I met up with my friend Tony for dinner, who I met back in June on my tour in Sapa, Vietnam. He was in my tour group and was traveling with his Vietnamese goddaughter. I spent a day with them at the Bac Ha market tour and then on the overnight train back to Hanoi. They were both super helpful to me in getting back to Hanoi and to the airport in time, so I wanted to see him again since he lives in Singapore. He was nice enough to drive me around for a little tour of Chinatown, Orchard Street shopping, and then all the way up to the house where my grandparents used to live during the 70's so I could take photos for my family. We ate dinner at an outdoor food pavilion place where he ordered some herb roasted chicken (oh so tender) and some chili fish (Sole I think). Both delicious! We had a good time catching up and hopefully he'll make it to the states sometime soon
My final full day in Singapore was great! Flo and I took the train to Sentosa Island, a pretty man-made beach with sand imported from Indonesia. I wanted to take the cable car, but it was $26 (compared to the train which was $3 round trip). The beach was really pretty, even though it's fake, and the weather was beautiful. We just relaxed in the shade and chatted, then had a nice Japanese lunch! When we got back into the city, we met Eric at the Peranakan Museum, which tells about the history of all the different ethnic groups in Singapore (Malay, Chinese, Indian and European as well). We visited a small street called Ann Siang Hill with some fancy cafes and restaurants, then ate at a much cheaper eating pavilion where I enjoyed some Nasi Lemak, a local specialty of coconut (lemak apparently means fat, which they so kindly told me after I already ingested it) rice with some fish, chili paste, peanuts and a fried egg.
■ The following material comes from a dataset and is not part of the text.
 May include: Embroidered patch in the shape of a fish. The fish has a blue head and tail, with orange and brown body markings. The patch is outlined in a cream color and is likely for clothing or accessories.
We walked to the Fullerton Hotel area and I saw the famous Merlion statue and the cool buildings lit up at night along the water. I wanted to check out the Raffles Hotel, a famous old British colonial swanky hotel that is the birthplace of the cocktail the Singapore Sling. We headed there and split one to experience such a historic thing, but were all disappointed since it tasted like overpriced fruit juice. Finally we walked back towards Clarke Quay for some Chili Crab (dinner round 2), another local specialty of crab cooked in some yummy chili sauce and another one cooked in black pepper sauce. It was a messy process involving a big bib and moist towelettes.
That sums up my time in Singapore. Although it's a fairly small city, there is a lot going on and such a mixture of foods and cultures. And it's easy to get around on transportation and because people speak English Flo, Eric and Tony were all great tour guides and I can't wait to go back and visit again!